Talk about a disappointment. Kyoto Animation’s Nichijou, an adaptation of the 4-koma manga that ran in Shonen Ace, originally interested me because most sources described it as a mix between Azumanga Daioh and Cromartie High School. Both of those shows would make my top 10 anime list. Episode 0, however, contains entirely original content not found in the manga, and it doesn’t exactly speak well for the competence of the staff.

Simply put, Nichijou is one of the worst things I’ve ever watched.

Pictured at left: the only interesting character.

What I Liked

The Art: Even if KyoAni’s writing and pacing hasn’t been consistent, everything I’ve seen (starting from the first Haruhi season) has at least been pretty to look at. The same is true of Nichijou. The character designs are simple yet distinct and charming, and the animation is smooth. My only gripe is that there’s very little shading to speak of, so scenes often look quite flat. I’m unsure whether that’s intentional (to give it a manga feel) or not, but it’s something that bothered me a little.

What I Hated

It’s Not Funny: Yeah. It really isn’t. In fact, it took the show 12 minutes to finally get to something that was kinda sorta worthy of a chuckle. For a show that’s ostensibly a comedy, not being funny is a death sentence. Of course, you’re probably wondering why it’s not funny. That…will take a rather lengthy explanation. So here’s what I’ll do. Instead of giving you a huge rambling wall of text here, I’ll break down everything that sucks the humor out of the show in the following, orderly sections. Sound good? Then here we go.

An accurate representation of my reaction to the entire show.

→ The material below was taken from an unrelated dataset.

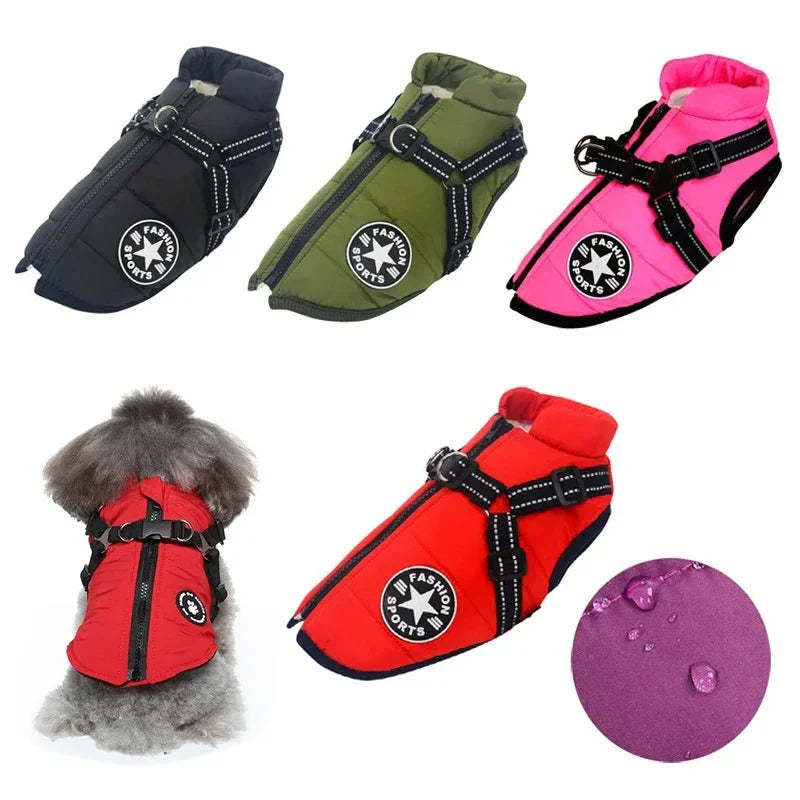 Manteau Fashion Sport Chien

The Mundane is Mundane: The vast majority of what I assume are supposed to be jokes in this episode come from events that happen in everyday life. That’s a premise that can definitely work. Azumanga Daioh and Yotsuba&! derive a lot of their fantastic comedy from seemingly mundane stuff, after all. The problem is that, in those two comedies, the absurdity of the characters and their actions breath life into an otherwise forgettable moment. The dichotomy is what makes it work. Similarly, Cromartie High School works because the characters treat the insane things happening around (and to) them with all the seriousness of a CIA analyst. Again, the dichotomy drives the humor. In Nichijou, however, the normal characters react normally to normal things happening. Everything is bland. Even the Professor’s robot acts like a normal (albeit ditzy) person. Or to use a more in-depth example, at one point Mio tries to cheer Yuko up after seeing her terrible quiz score. She imagines her effort as a fisherman trying to catch a fish. That analogy immediately makes perfect sense, and that’s the problem. It’s a completely normal analogy. If it were funny, my reaction wouldn’t be, “Okay, that makes sense.” It would be, “Oh wow, I never would have thought of that, but it totally works!” See the difference? Comedy needs to be somewhat unexpected in either character reactions or circumstances. Nichijou almost always goes the normal–and completely obvious–route.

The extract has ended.